[llvm] [LoadStoreVectorizer] Fill gaps in load/store chains to enable vectorization (PR #159388)

Wed Nov 5 08:34:53 PST 2025

================
@@ -831,7 +914,60 @@ std::vector<Chain> Vectorizer::splitChainByAlignment(Chain &C) {
         }
       }
 
-      if (!IsAllowedAndFast(Alignment)) {
+      // Attempt to extend non-power-of-2 chains to the next power of 2.
+      Chain ExtendingLoadsStores;
+      if (NumVecElems < TargetVF && NumVecElems % 2 != 0 && VecElemBits >= 8) {
+        // TargetVF may be a lot higher than NumVecElems,
+        // so only extend to the next power of 2.
+        assert(VecElemBits % 8 == 0);
+        unsigned VecElemBytes = VecElemBits / 8;
+        unsigned NewNumVecElems = PowerOf2Ceil(NumVecElems);
+        unsigned NewSizeBytes = VecElemBytes * NewNumVecElems;
+
+        assert(NewNumVecElems <= TargetVF);
+
+        LLVM_DEBUG(dbgs() << "LSV: attempting to extend chain of "
+                          << NumVecElems << " "
+                          << (IsLoadChain ? "loads" : "stores") << " to "
+                          << NewNumVecElems << " elements\n");
+        // Do not artificially increase the chain if it becomes misaligned or if
+        // the associated masked load/store is not legal, otherwise we may
+        // unnecessarily split the chain when the target actually supports
+        // non-pow2 VF.
+        if (accessIsAllowedAndFast(NewSizeBytes, AS, Alignment, VecElemBits) &&
+            (IsLoadChain ? TTI.isLegalMaskedLoad(
+                               FixedVectorType::get(VecElemTy, NewNumVecElems),
+                               Alignment, AS, TTI::MaskKind::ConstantMask)
+                         : TTI.isLegalMaskedStore(
+                               FixedVectorType::get(VecElemTy, NewNumVecElems),
+                               Alignment, AS, TTI::MaskKind::ConstantMask))) {
+          LLVM_DEBUG(dbgs()
+                     << "LSV: extending " << (IsLoadChain ? "load" : "store")
+                     << " chain of " << NumVecElems << " "
+                     << (IsLoadChain ? "loads" : "stores")
+                     << " with total byte size of " << SizeBytes << " to "
+                     << NewNumVecElems << " "
+                     << (IsLoadChain ? "loads" : "stores")
+                     << " with total byte size of " << NewSizeBytes
+                     << ", TargetVF=" << TargetVF << " \n");
+
+          // Create (NewNumVecElems - NumVecElems) extra elements.
----------------
dakersnar wrote:

Good question. The heuristic for how many elements to add while gap filling is a little shaky for a few reasons. For one, the heuristic is for a _single_ gap (a chain might have multiple gaps). We also do not know what sort of final vector we will end up with, as we have yet to analyze alignment information. I think filling 1 element no matter what and 2 elements when they complete a "set" of 4 is a reasonable heuristic to cover most practical cases where this would be useful.

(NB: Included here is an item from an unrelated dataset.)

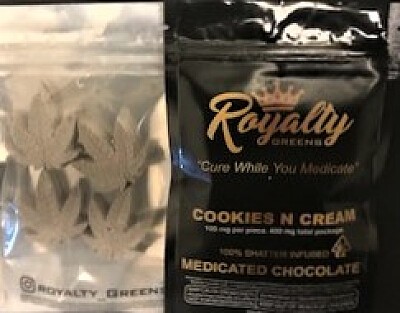 Roayl Cookies and Cream Chocolates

In contrast, while extending, we are about to vectorize, and we know for sure that we have:
1. a chain with a non-power-of-2 number of elements, that will be split due to the alignment check in accessIsAllowedAndFast.
2. a target that supports a larger vector size.
3. an alignment that would support that larger vector size.

We are working with more concrete information at that point that if we extend the chain, we will have a legal vector, and at least for NVPTX, it has been always profitable to extend to that next power of two to reduce the number of loads/stores, no matter how many elements get added.

I'm clarifying the comments around the extending, let me know if you think they are clearer.

https://github.com/llvm/llvm-project/pull/159388